Portland hotel tax dispute is one of many

The City of Portland is going after the Expedias and Pricelines of the world, seeking to collect some hotel taxes that the online travel companies haven't been paying. The companies say they aren't hotel operators, and so they don't have to pay the tax. There has been a lot of this litigation around the country, apparently with no clear winner. But just the other day, the companies won a similar case in Tennessee.

Comments (4)

Since Portland isn't much of a "destination" city you would think that the Expedia and Priceline's of the world wouldn't be booking all that much travel that included a hotel stay in our beloved and crumbling burg.

My question to the idiots at City Hall is how much cash do you really think you're going to get out of this? Enough to cover the salaries of the city lawyers handling this joke of case? Maybe enough to pay for one of Admiral Randy's Loos??

The court says the city is only entitled to tax what the OTC pays, not what the person staying in the rooms pays; so Portland still collects room taxes, but less than if a person books directly with the hotel.

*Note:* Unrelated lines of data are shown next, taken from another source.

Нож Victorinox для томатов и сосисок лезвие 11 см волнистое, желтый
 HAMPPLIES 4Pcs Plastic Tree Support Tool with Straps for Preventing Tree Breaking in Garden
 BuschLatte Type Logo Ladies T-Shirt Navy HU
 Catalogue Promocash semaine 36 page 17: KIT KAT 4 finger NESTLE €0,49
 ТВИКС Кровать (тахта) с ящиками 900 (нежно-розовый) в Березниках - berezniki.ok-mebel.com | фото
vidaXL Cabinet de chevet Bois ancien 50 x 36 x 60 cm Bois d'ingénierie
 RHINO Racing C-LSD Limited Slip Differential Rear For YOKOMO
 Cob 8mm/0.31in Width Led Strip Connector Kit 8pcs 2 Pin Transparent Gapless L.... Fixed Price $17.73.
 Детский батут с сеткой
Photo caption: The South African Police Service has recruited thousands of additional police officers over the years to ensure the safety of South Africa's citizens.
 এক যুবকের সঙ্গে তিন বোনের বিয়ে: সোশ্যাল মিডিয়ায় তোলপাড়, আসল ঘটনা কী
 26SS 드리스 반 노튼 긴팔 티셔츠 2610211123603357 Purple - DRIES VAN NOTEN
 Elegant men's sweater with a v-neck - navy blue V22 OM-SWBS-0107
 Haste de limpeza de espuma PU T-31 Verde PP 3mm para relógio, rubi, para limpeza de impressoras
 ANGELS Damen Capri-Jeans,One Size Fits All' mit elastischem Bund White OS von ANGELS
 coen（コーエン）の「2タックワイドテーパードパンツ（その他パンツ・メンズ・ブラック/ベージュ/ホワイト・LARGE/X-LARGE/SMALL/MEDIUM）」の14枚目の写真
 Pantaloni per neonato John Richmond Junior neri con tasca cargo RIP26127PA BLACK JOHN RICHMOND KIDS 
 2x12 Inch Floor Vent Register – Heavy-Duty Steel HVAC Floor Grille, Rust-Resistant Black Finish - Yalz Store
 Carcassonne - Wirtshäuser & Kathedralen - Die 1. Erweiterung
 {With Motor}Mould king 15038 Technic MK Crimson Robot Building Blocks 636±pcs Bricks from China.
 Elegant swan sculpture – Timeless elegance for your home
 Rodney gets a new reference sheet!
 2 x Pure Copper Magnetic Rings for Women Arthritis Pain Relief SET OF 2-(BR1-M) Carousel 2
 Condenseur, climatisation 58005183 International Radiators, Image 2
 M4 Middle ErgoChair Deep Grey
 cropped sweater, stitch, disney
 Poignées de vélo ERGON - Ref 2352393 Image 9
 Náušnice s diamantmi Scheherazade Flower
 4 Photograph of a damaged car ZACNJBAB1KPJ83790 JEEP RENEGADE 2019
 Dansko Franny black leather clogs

What I am wondering is if in the past when I booked through an OTC (like Delta Airlines and Orbitz), did they levy room taxes on what I paid them or what they paid the hotels? Worth checking next time.

I know in Las Vegas a lot of hotels are charging "resort fees" of $25 a night plus in part because the lodging tax doesn't apply to such room fees.

I read once that part of the issue is that the booking services collect room taxes on what the customer pays, but remit room taxes only on what they pay the hotel operator, in effect pocketing part of what they're telling the customer is the room tax.

The quickest way to reduce jobs in the hotel industry would be to retroactively reduce the benefits that a hotel gets by brokering online. A "Stay alive" occupancy rate allows a hotel/motel to keep a core staff working, and possibly make a profit when and if more customers show up. Portland bureaucrats would rather give subsidies to new hotels, rather than just staying out of the way.